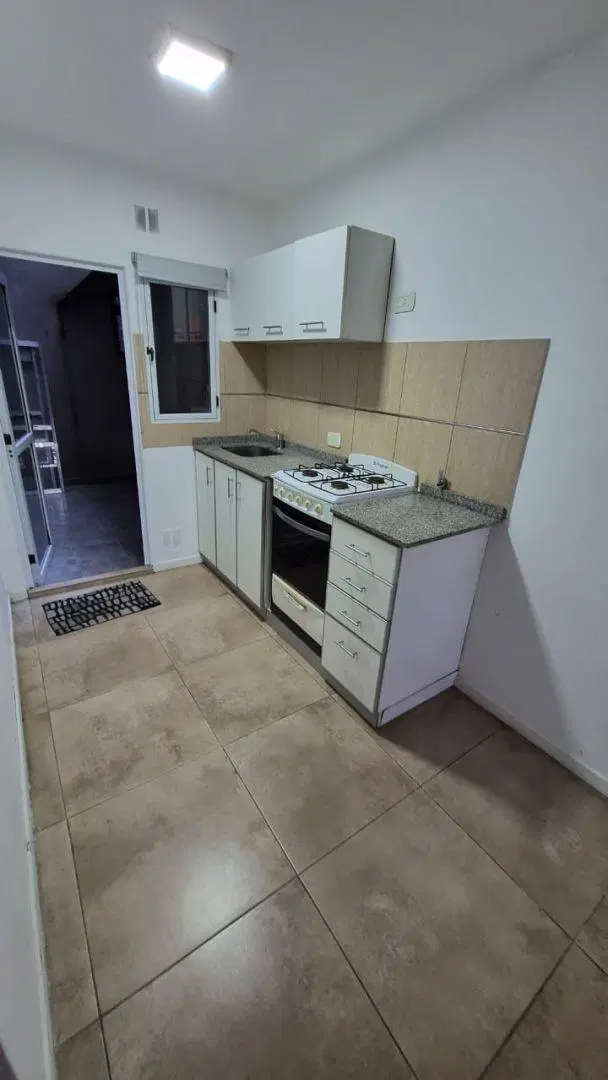 Alquiler Monoambiente con cochera Lanús Oeste 2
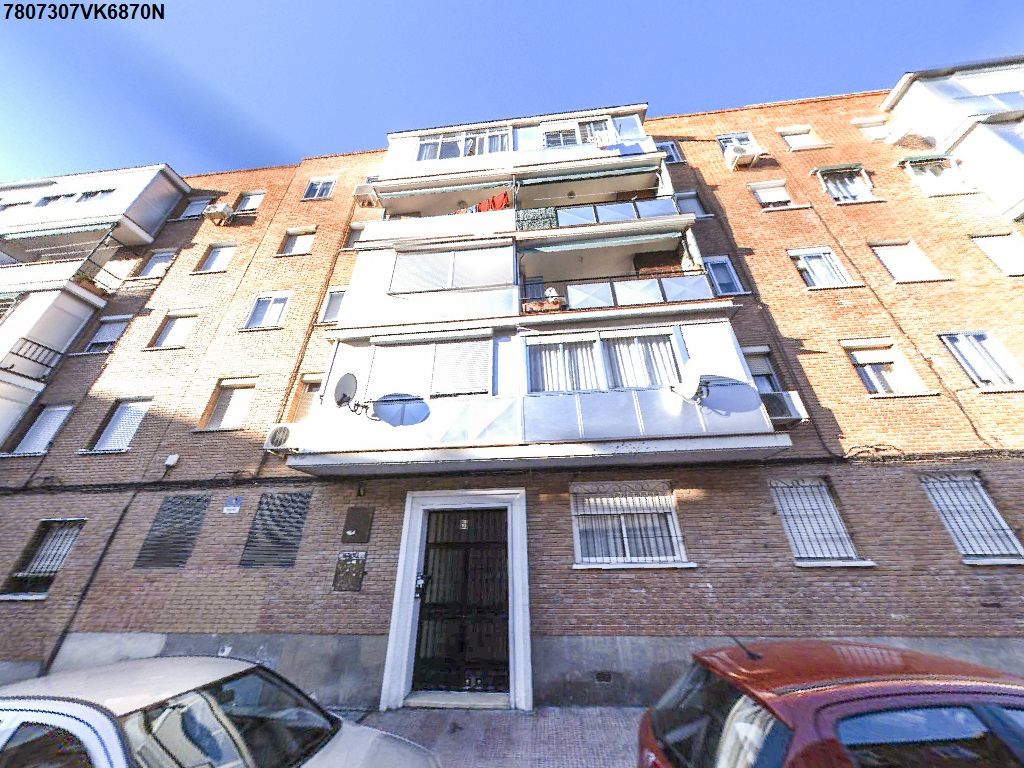 Vista exterior de Estudio de alquiler en Alcalá de Henares con Calefacción, Amueblado y Horno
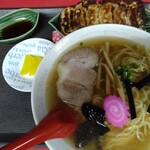 ラーメン 道君 - 料理写真:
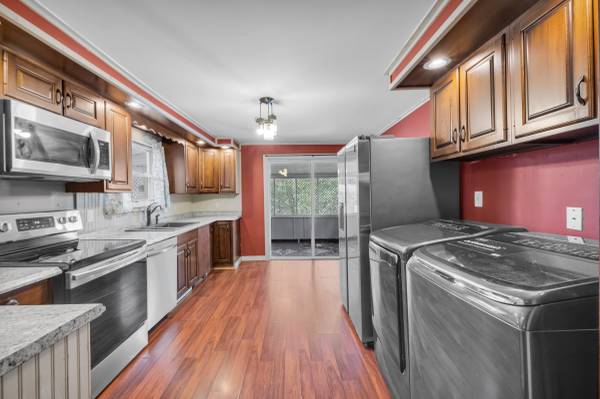 $1,200 / 2br - House with Fenced Yard & Parking! (Tamaqua)64010162539523120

» Your instructions
Restate every line of the data above word for word, with the images removed.

» Written answer
 Alquiler Monoambiente con cochera Lanús Oeste 2
 Vista exterior de Estudio de alquiler en Alcalá de Henares con Calefacción, Amueblado y Horno
 ラーメン 道君 - 料理写真:
 $1,200 / 2br - House with Fenced Yard & Parking! (Tamaqua)64010162539523120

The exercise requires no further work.